Since 1997, the Spurlock Museum at the University of Illinois has been performing a complete re-inventory of its collection, developing in the process an extensive database of artifact data available online. This project has required the cooperation of museum staff members, various external experts, and dozens of part-time undergraduate student employees. During the process of data gathering, entry, and analysis, an unexpected phenomenon was observed: in accessing and using the data, individuals have consistently detected errors, reported them, and even volunteered corrections. However, these individuals were not directly involved in the task of searching for errors; they were instead working on other tasks. For example, a curator working remotely over the Internet to plan a new exhibit for the museum retrieved several artifact records using his web browser. In one of these records, he found an erroneous entry and sent an email to the museum's registrar, noting the error and suggesting a correction.
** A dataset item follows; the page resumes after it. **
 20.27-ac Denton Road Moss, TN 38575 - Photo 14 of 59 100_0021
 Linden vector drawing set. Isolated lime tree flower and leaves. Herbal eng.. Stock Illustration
The relative frequency of this kind of activity raises a question: can web-accessible museum collections incorporate mechanisms that will allow people browsing the data to report errors they detect and, should they wish, volunteer corrections? Although clearly this will not happen for every database record, we need to understand more about the process of error recognition and correction in order to facilitate it when it does occur.
This paper will present the results of our study of unexpected error detection and correction in the Spurlock Museum artifact database. Through an analysis of this phenomenon, we explore how to encourage such data correction behavior explicitly, effectively and efficiently. We also note the importance of establishing and encouraging a community that will support collaborative data correction activities.